Katia non c’è…
Katia non c’è più, è stata cacciata dal Direttivo di “Lissone in Movimento” che ha regolato i conti tra Roberto Perego e Daniele Fossati e ha espulso la propria Segretaria. Lei era il Segretario cittadino della Lista Civica e recentemente aveva preso posizione in favore di Daniele Fossati. Allora si sono riuniti e l’hanno “fatta fuori”, con il sorriso gentile di chi ti colpisce alle spalle.
Sono mesi che tra Perego e Fossati non corre buon sangue. Alcuni scontri sono avvenuti anche durante i Consigli comunali: su chi rappresentasse la Lista civica, su chi avesse preso i voti e su chi dicesse la verità. E poi, su Francesco Giordano litigi scontati e su firme e uso del simbolo, su ruoli e seguiti ridicoli. Due personalità molto diverse ed evidentemente incompatibili: Perego, uomo di potere, nel cerchio magico della Borella, soldato obbediente ed ex tutor; Fossati, spirito libero, tagliente, spregiudicato nei confronti di tutti.

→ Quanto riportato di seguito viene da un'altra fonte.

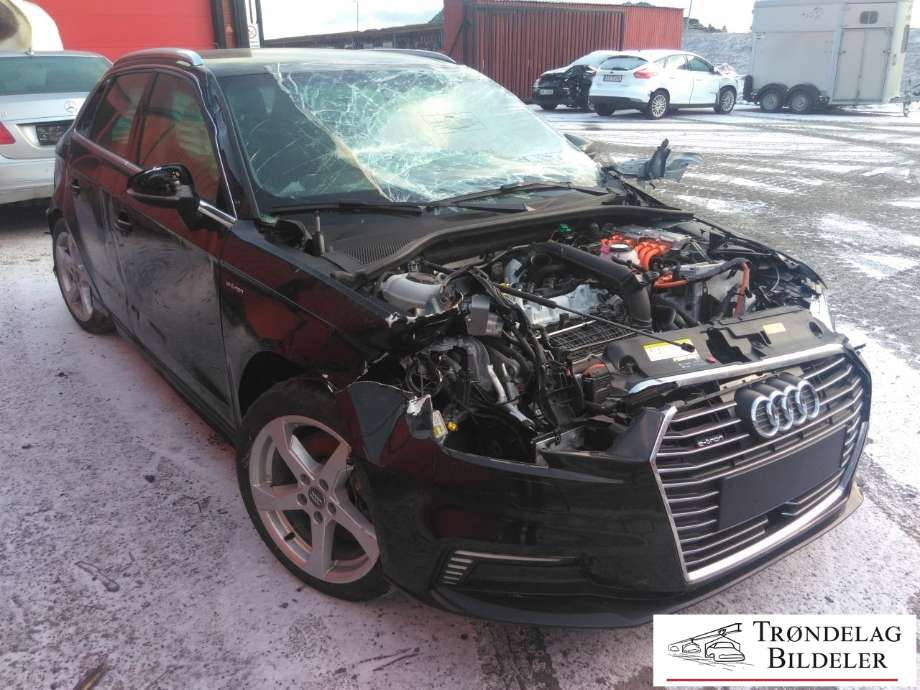 Audi A3 2016-2020 (Type III, Fase 2) , Motorkode: CUKB, Girkassekode: TEA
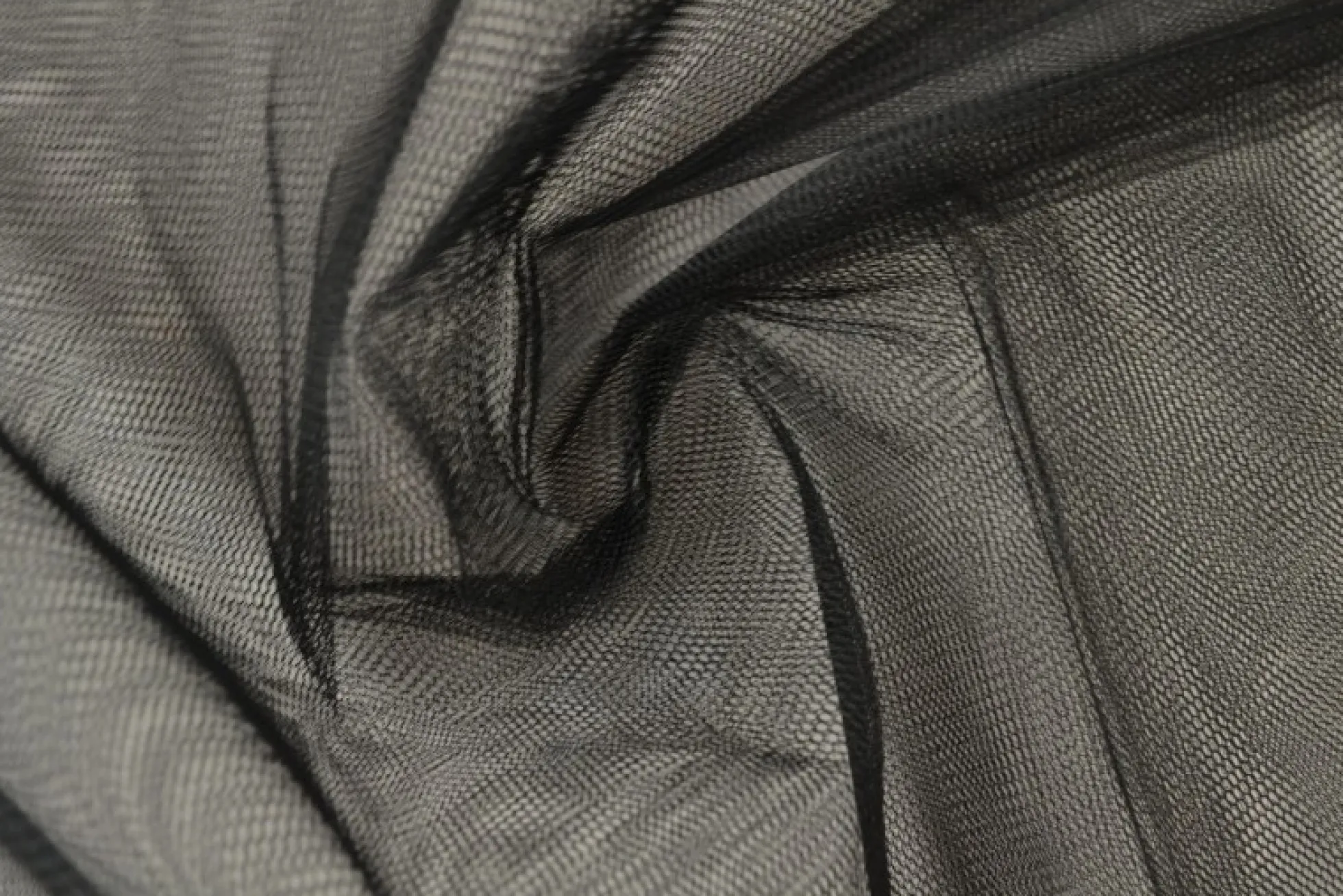 Tule – Zwart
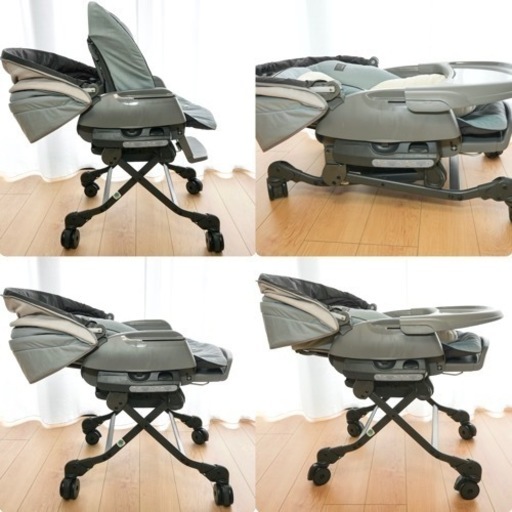 【美品】コンビ ネムリラ AUTO SWING BEDi Long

Peccato che una lista civica si sia prestata a “far fuori” la propria Segretaria per il potere e la poltrona; ma si sa che comandano i numeri, non il buon senso.

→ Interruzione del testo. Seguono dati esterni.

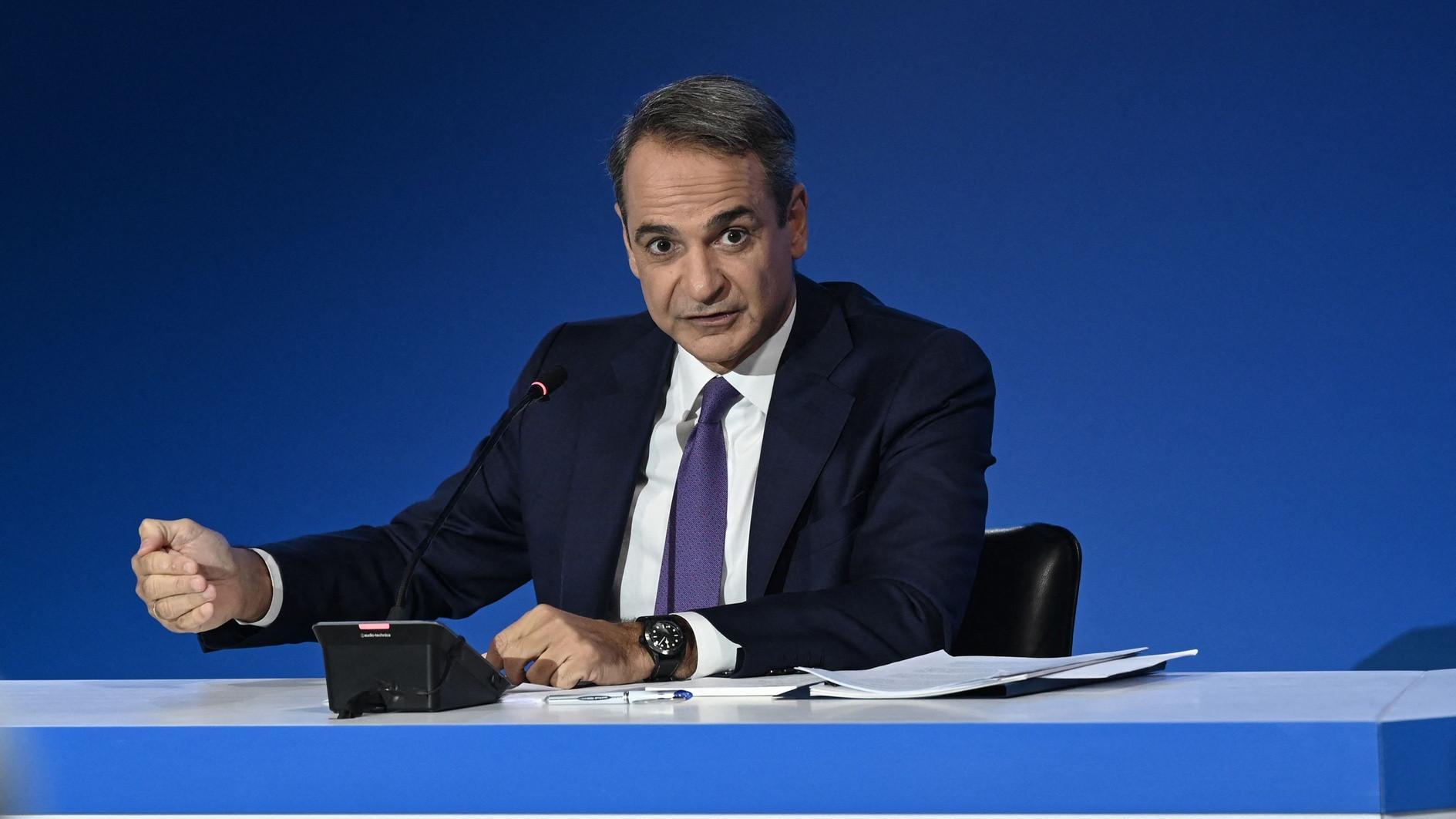 Greek PM announces plans to boost purchasing power, tackle crises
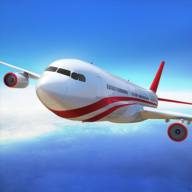 تحميل لعبة Flight Pilot: 3D Simulator مهكرة كوينز لانهائيه اخر اصدار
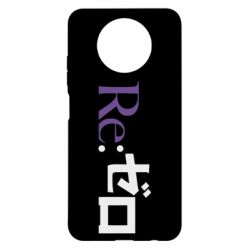 Чехол для Xiaomi Redmi Note 9 5G/Redmi Note 9T Re zero - PrintSalon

Tra i componenti del Consiglio direttivo – amici e persone non indipendenti da Perego – probabilmente qualcuno avrà anche capito cosa stesse succedendo ma senza avere il coraggio di opporsi. Essere liberi e indipendenti è problematico, si perdono magari occasioni e opportunità. Quello che è certo, è che la persona che ha supportato Daniele Fossati è stata messa “fuori gioco”. Che peccato e che delusione per chi ha votato questa Lista civica!
Immaginiamo che a breve Daniele Fossati abbandonerà “Lissone in Movimento”. Lui, però, è tutelato dal fatto di essere un Consigliere comunale: ha in mano il microfono (che per lui è una vera e propria arma) anche se presto sarà relegato al ruolo di spettatore scomodo. Ad esempio, durante l’ultimo Consiglio, Fossati ha presentato un emendamento – secondo noi molto opportuno – ad una mozione della Maggioranza (sulla quale non era stato neppure interpellato…) che è stato miseramente bocciato: tutti hanno votato contro.

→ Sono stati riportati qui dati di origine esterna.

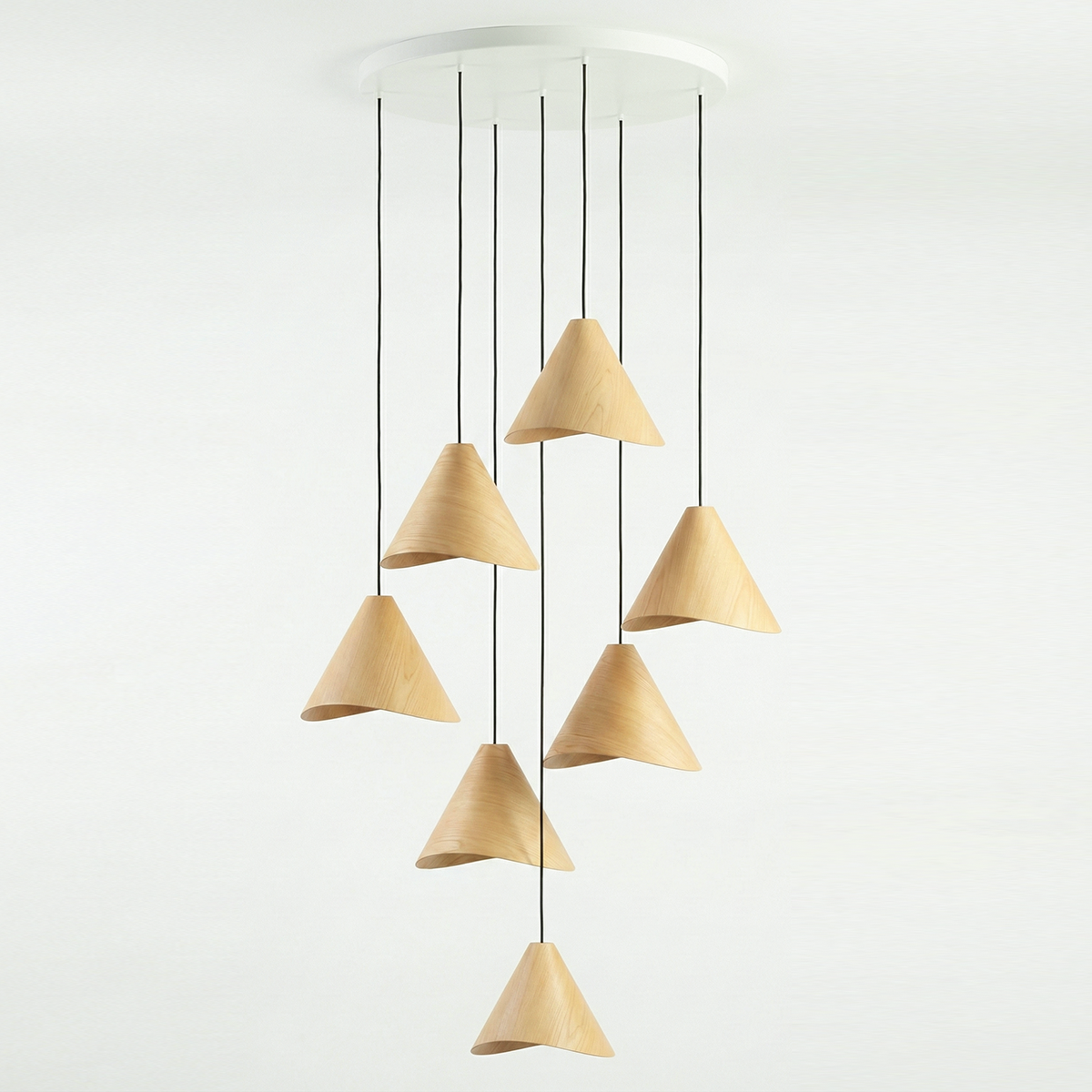 Elmira Wood Pendant Lamp — product view 36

Il potere dei suoi (ex?) amici è questo: se sei contro “il sistema”, sei contro di me e io ti “annullo”, con varie modalità, secondo le situazioni, e poi sorrido: niente di personale – ci mancherebbe! – è solo la legge dei numeri…
Questa è una amara eredità che ci lascerà l’amministrazione Borella-Perego-Bonafè; se ne sarà resa conto anche Katia, alla quale va tutta la nostra solidarietà.
Quando va di moda l’imboscata politica e la verità non paga (Cittadino – 29 nov 2025)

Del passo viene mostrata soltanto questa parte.